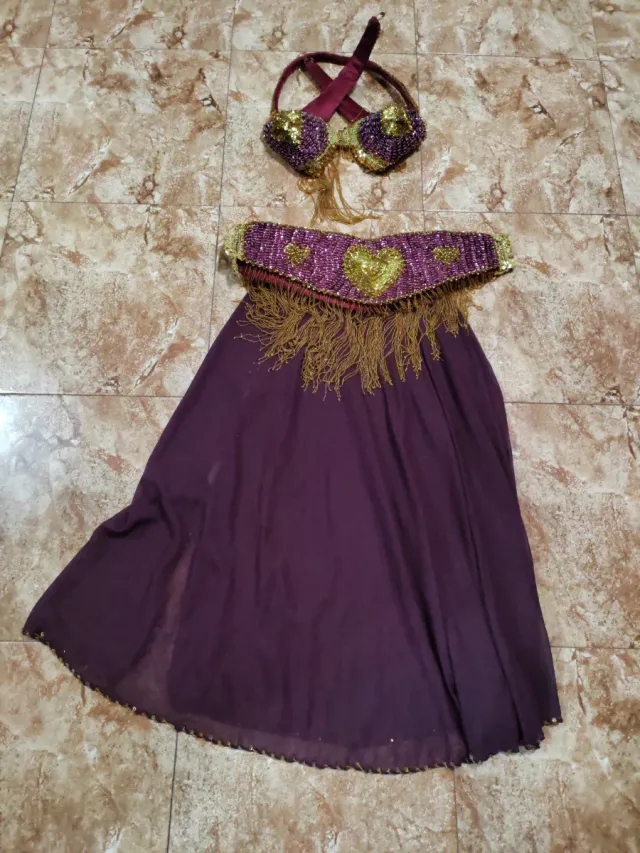 Traje Danza Vientre Morado y Dorado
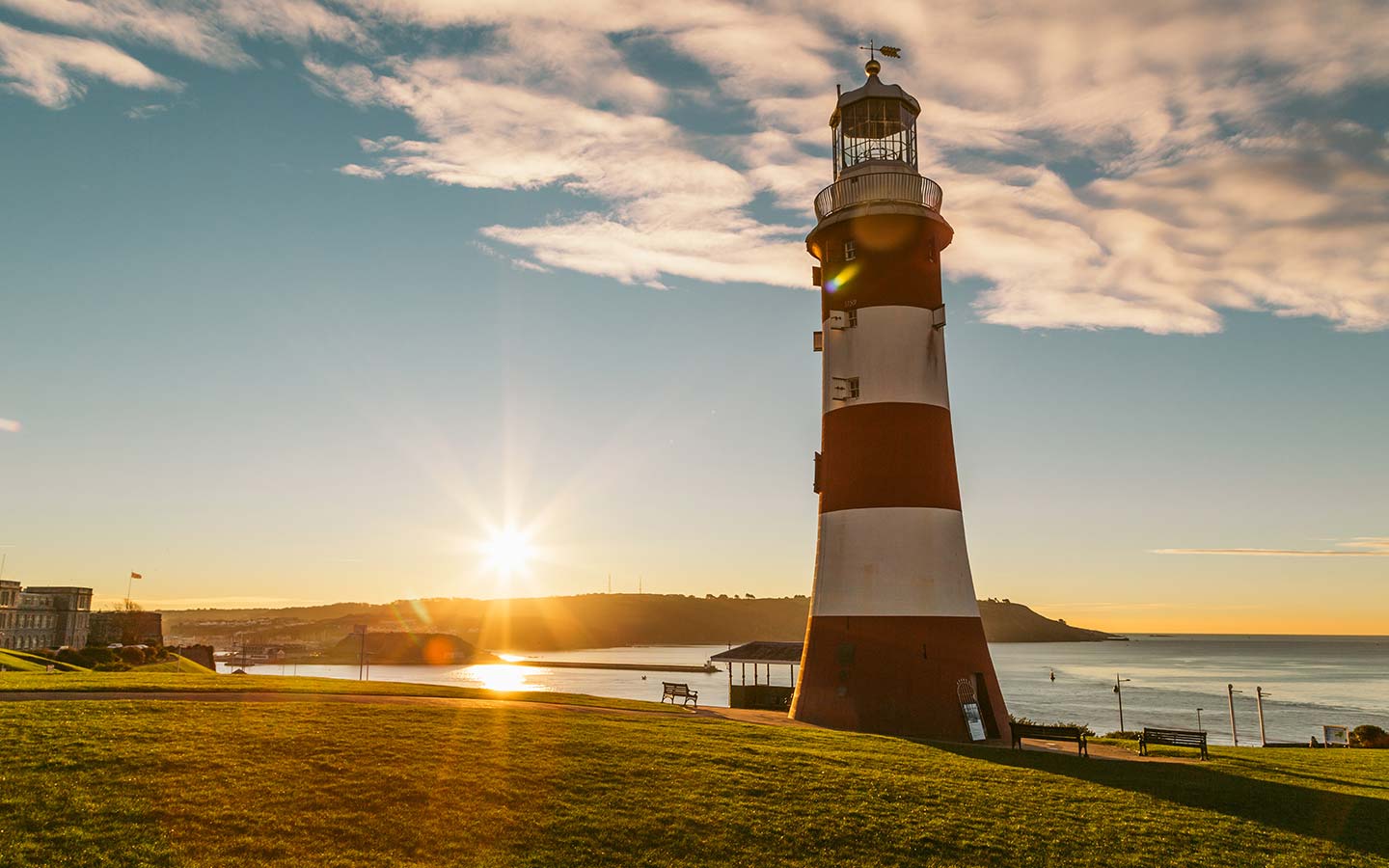 Lighthouse on the Hoe with sunset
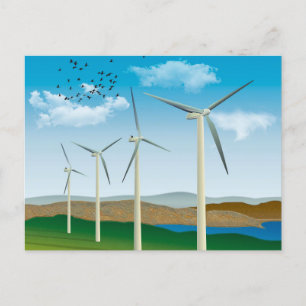 Carte Postale Turbines éoliennes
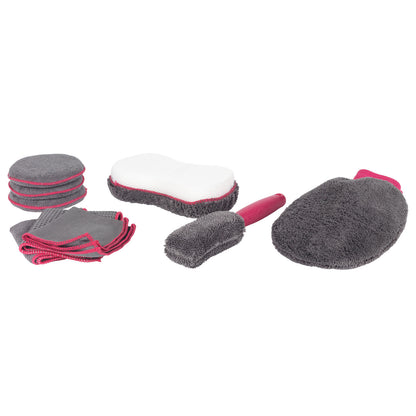 Kleeneze Car Cleaning Set 9 Piece Interior Exterior Sponges Cloths Brush Mitt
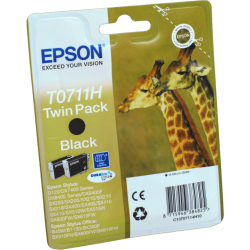 2 Epson Tinten C13T07114H10 Doppelpack schwarz T0711H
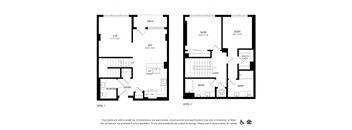 two floor plans of a house with two bedrooms and two bathrooms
----------------
▶ Work to complete: Your copy should match the data exactly, apart from the images, which are dropped.

▶ Result:
 Traje Danza Vientre Morado y Dorado
 Lighthouse on the Hoe with sunset
 Carte Postale Turbines éoliennes
 Kleeneze Car Cleaning Set 9 Piece Interior Exterior Sponges Cloths Brush Mitt
 2 Epson Tinten C13T07114H10 Doppelpack schwarz T0711H
 two floor plans of a house with two bedrooms and two bathrooms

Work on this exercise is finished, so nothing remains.